Illumina SARS-CoV-2 data processing using the SIGNAL pipeline
This repository provides a WDL wrapper for running the SIGNAL pipeline to process Illumina paired-end SARS-CoV-2 sequencing data.
An input template file with some defaults pre-defined can be found here.
| Input | Description |
|---|---|
accession |
Sample ID |
fastq_R1s, fastq_R2s |
Array of paired FASTQ file locations; paired files should be at the same index in each array |
scheme_bed |
The BED-format primer scheme used to prepare the library |
viral_reference_genome |
The SARS-CoV-2 reference genome |
viral_reference_feature_coords |
Feature coordinates for the SARS-CoV-2 reference genome |
viral_reference_contig_name |
[MN908947.3] |
primer_pairs_tsv |
Primer pair TSV file; used for iVar's amplicon filter. This file is a headerless TSV containing one row per primer pair, with the LEFT primer names in column 1 and the RIGHT column names in column 2. |
amplicon_bed |
BED-formatted amplicon locations |
container_registry |
Registry that hosts workflow containers. All containers are hosted in DNAstack's Dockerhub [dnastack] |
Primer schemes will differ based on the protocols used by the sequencing lab. Some common schemes can be downloaded from the official artic-network github. Additional schemes can be found in the SIGNAL repository. Primers from these locations map to the inputs as follows:
scheme_bed: ends in.primer.bedamplicon_bed: ends in.scheme.bedprimer_pairs_tsv: this file is not provided directly, but can be generated from theamplicon_bedfile
Example command to generate primer_pairs_tsv using the ARTIC V3 scheme bed:
paste \
<(cut -f 4 nCoV-2019.scheme.bed | sort -t _ -k 2 -g | grep LEFT) \
<(cut -f 4 nCoV-2019.scheme.bed | sort -t _ -k 2 -g | grep RIGHT) \
> nCoV-2019.primer_pairs.tsv| Output | Description |
|---|---|
ivar_vcf, ivar_vcf_index |
Variants and index output by iVar |
ivar_assembly |
Genome assembly generated by iVar |
freebayes_vcf, freebayes_vcf_index |
Variants and index output by Freebayes |
freebayes_assembly |
Genome assembly generated by Freebayes |
summary |
Pipeline metrics |
lineage_metadata |
Pangolin lineage assignment metadata |
bam |
Reads aligned to the SARS-CoV-2 reference genome |
Docker image definitions can be found in our bioinformatics-public-docker-images repo.

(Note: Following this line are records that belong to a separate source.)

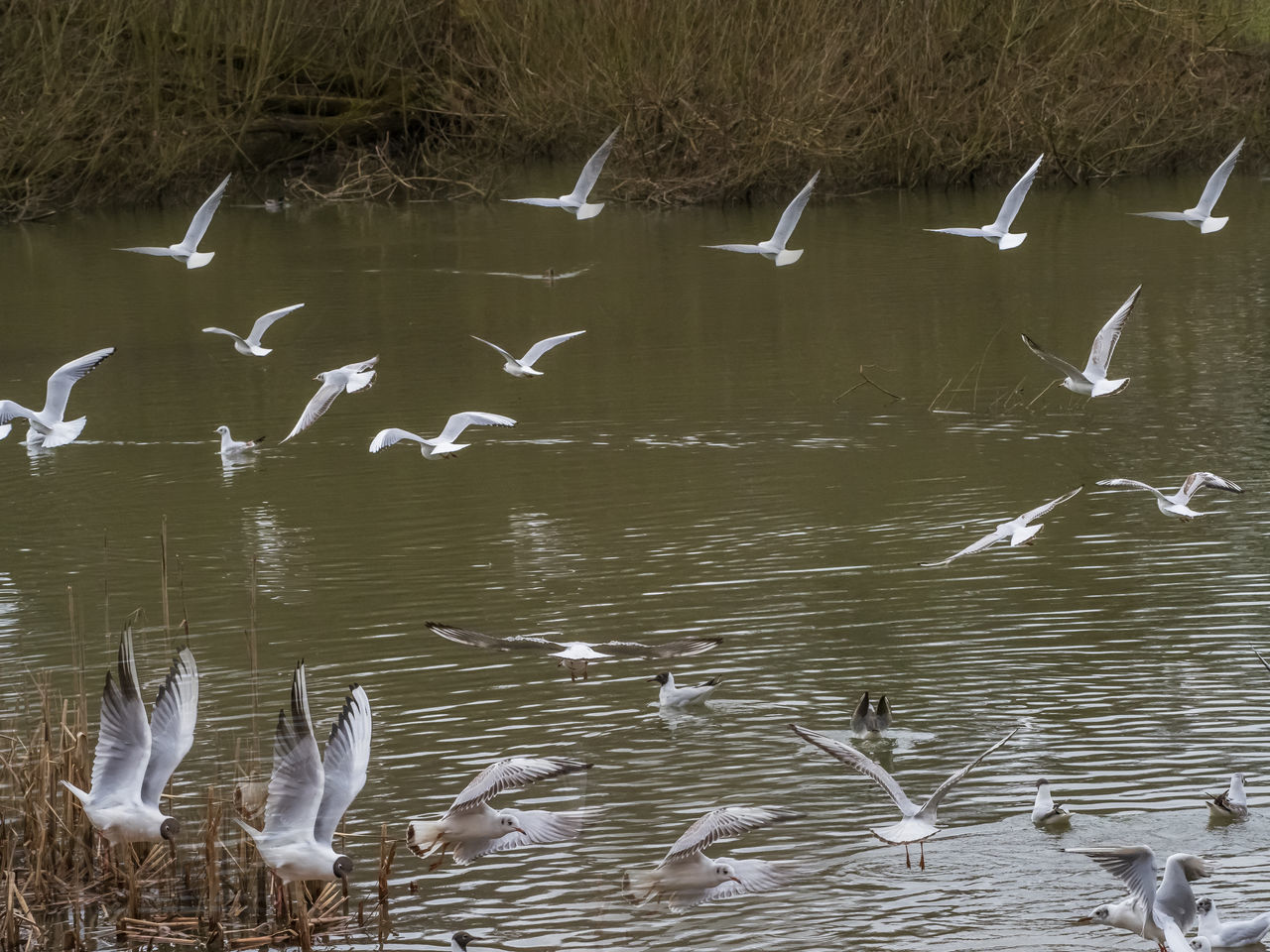 SEAGULLS FLYING OVER LAKE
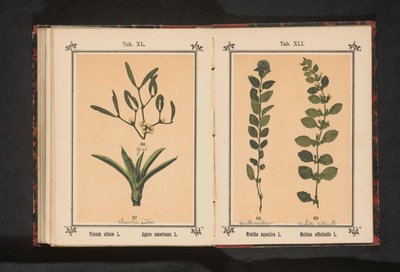 Menta de agua y bálsamo de limón
Mentha aquatica L. Melissa officinalis L. (título del objeto) de Anonymous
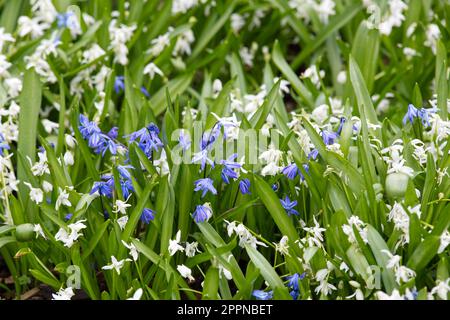 Fleurs de printemps bleu vif et blanc de calmar, scilla siberica et scilla siberica alba dans le jardin du Royaume-Uni avril Banque D'Images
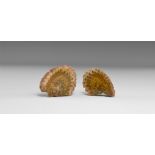 Natural History - Pine Cone Fossil Specimen Pair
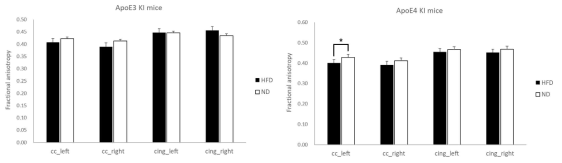 APOE4 KI, 마우스에서 대사증후군 유도에 따라 cingulum에서의 백질의 기능저하 관찰됨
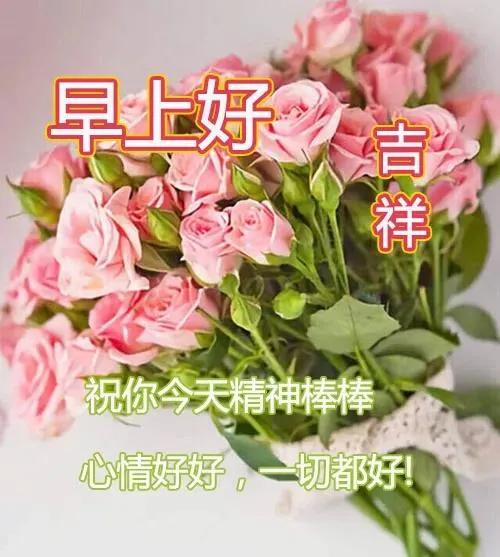 2021年 8张漂亮的早安动态表情鲜花图片 早上好动态祝福走一波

All containers are publicly hosted in DNAstack's container registry.
N.B. that the SIGNAL Docker container is ~10 GB to allow it to be used at scale in AWS, where EBS auto-scaling can sometimes not expand rapidly enough to accomodate running hundreds of samples in parallel. Including reference data in the Docker container seems to solve this issue, but does make it somewhat unwieldly.